The Joplin Globe, Joplin, MO

Globe Life

November 13, 2009

Review: Social events influence movies during filming

This review will focus on three movies that, while completely unrelated, share a certain unifying characteristic: They were all filmed in locations with actual social events occurring in and around the film production.

The resulting products are filled with a refreshing spontaneity and sense of being “alive” that was achieved both because of, and in spite of, the remarkable situations surrounding their production.

“Black Orpheus” (not rated)

This is the classic Greek story of Orpheus and Eurydice, as retold in a modern context and set in Brazil, during the time of the annual Carnaval. The story is simple and fairly straight-forward (although I won’t spoil the ending), but the movie positively shines with music and raw energy.

I tried to think of another movie that featured such a persistent beat and so many ecstatically dancing extras, but I simply couldn’t do it.

Sumptuously photographed in color, the movie lavishes attention on the Brazilian locales in which it is set.
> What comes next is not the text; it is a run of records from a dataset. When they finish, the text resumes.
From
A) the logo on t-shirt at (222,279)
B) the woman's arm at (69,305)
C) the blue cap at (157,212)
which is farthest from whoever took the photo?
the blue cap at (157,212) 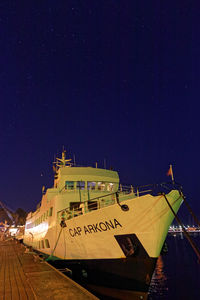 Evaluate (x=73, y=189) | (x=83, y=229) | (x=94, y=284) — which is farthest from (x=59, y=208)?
(x=94, y=284)

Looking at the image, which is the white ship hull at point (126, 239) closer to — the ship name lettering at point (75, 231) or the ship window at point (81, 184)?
the ship name lettering at point (75, 231)

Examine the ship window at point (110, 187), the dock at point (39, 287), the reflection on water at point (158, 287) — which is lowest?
the reflection on water at point (158, 287)

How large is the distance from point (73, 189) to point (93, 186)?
1.48 metres

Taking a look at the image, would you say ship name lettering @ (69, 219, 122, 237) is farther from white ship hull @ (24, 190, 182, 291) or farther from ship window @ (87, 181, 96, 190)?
ship window @ (87, 181, 96, 190)

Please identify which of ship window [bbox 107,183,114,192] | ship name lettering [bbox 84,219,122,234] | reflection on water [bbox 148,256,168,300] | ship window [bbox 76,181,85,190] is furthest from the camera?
reflection on water [bbox 148,256,168,300]

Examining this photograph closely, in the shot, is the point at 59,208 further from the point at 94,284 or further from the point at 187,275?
the point at 187,275

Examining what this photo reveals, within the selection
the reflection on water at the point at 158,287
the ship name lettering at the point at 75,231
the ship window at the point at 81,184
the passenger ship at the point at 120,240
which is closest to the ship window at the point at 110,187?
the ship window at the point at 81,184

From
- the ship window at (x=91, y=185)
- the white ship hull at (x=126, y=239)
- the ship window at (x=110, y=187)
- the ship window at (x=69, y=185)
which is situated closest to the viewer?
the white ship hull at (x=126, y=239)

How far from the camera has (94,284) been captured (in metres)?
10.6

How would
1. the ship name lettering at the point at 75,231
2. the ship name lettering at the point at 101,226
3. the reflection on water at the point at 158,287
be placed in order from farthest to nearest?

Everything in the movie seems beautiful, even the ramshackle homes the characters share with their chickens and goats.

They go to work, earn a little money, play music and dance into the night. In the world of “Black Orpheus,” such a life is paradise.

An utterly unique movie experience, masterfully directed (or perhaps “reined-in” would be a better term) by legendary French director Marcel Camus, Black Orpheus was the winner of the 1960 Oscar for best foreign language film.

“Medium Cool” (rated R)

Of the three movies featured in this column, perhaps “Medium Cool” had the most at risk during its production.

Unlike the guarantee of frenzied madness during Carnaval or a rock concert, “Medium Cool” was based partially on an assumption that something dramatic was going to occur during the 1968 Democratic National Convention in Chicago. Luckily for the production, something dramatic happened there — in a big way.